Updated with modified headline, minor edits throughout.
MOSCOW, September 27(Associated Press) − Environmental group Greenpeace said Friday it will appeal against the rulings of a Russian court that led to the jailing of its activists for a protest near an oil platform in the Arctic.
On Thursday, the court in the city of Murmansk jailed 22 members of the Greenpeace team who were protesting near the platform last week. Greenpeace said in a statement Friday that it will appeal and is seeking the crew's immediate release.
Among those jailed are a Russian news photographer and the ship's US captain. Eight more were detained for three days pending a new hearing. No charges have been brought against anyone in the group.
Russian border guards disrupted an attempt by the activists on September 18 to scale the oil platform. Russian authorities seized Greenpeace's ship the next day and towed it with the crew aboard to Murmansk.
The detained activists are from 18 countries, including Russia, and a long detention or series of trials could draw unwelcome international attention to Russia's tough policy against protests.
Reporters Without Borders on Thursday protested the jailing of photographer Denis Sinyakov who is a contributor to various international and Russian media outlets, saying his arrest was "an unacceptable violation of freedom of information." The top trans-Atlantic security and rights group, the Organization for Security and Cooperation in Europe (OSCE), also voiced concern and demanded Sinyakov's immediate release.

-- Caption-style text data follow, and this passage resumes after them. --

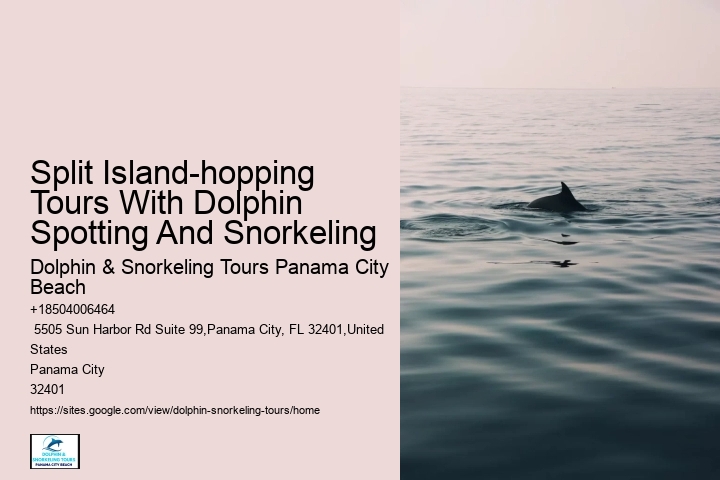 All-inclusive Experiences - Swim With Dolphins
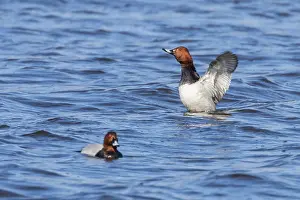 Common Pochard ducks swimming in the lake (Aythya ferina)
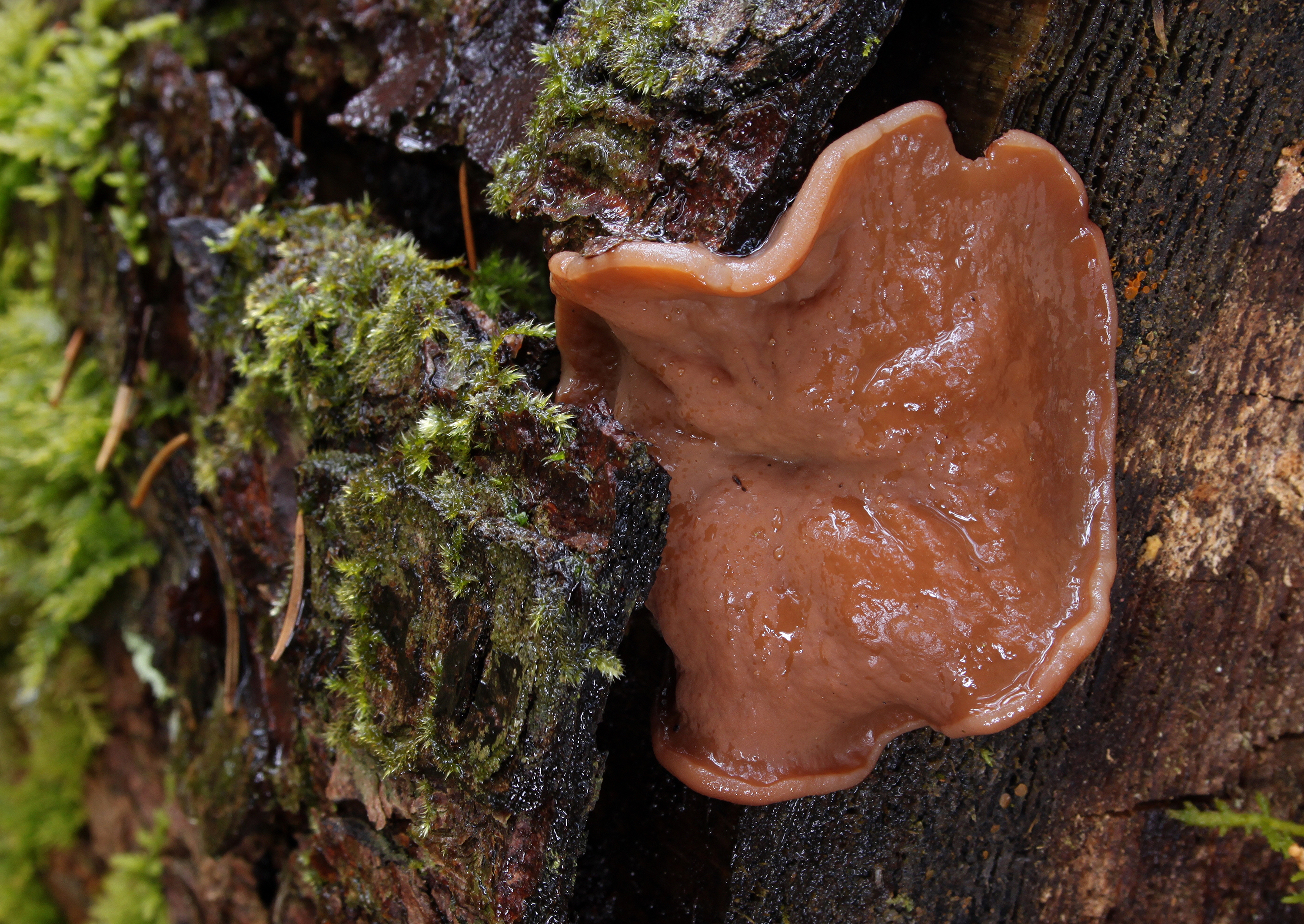 Discina ancilis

Several Russian media outlets including the country's private TV station, NTV, took all pictures off their websites in a show of solidarity with the jailed photographer.
The platform, which belongs to an oil subsidiary of the state gas company Gazprom, is the first offshore rig in the Arctic. It was deployed to the vast Prirazlomnoye oil field in the Pechora Sea in 2011, but its launch has been delayed by technological challenges. Gazprom said earlier this month it was to start pumping oil this year, but no precise date has been set.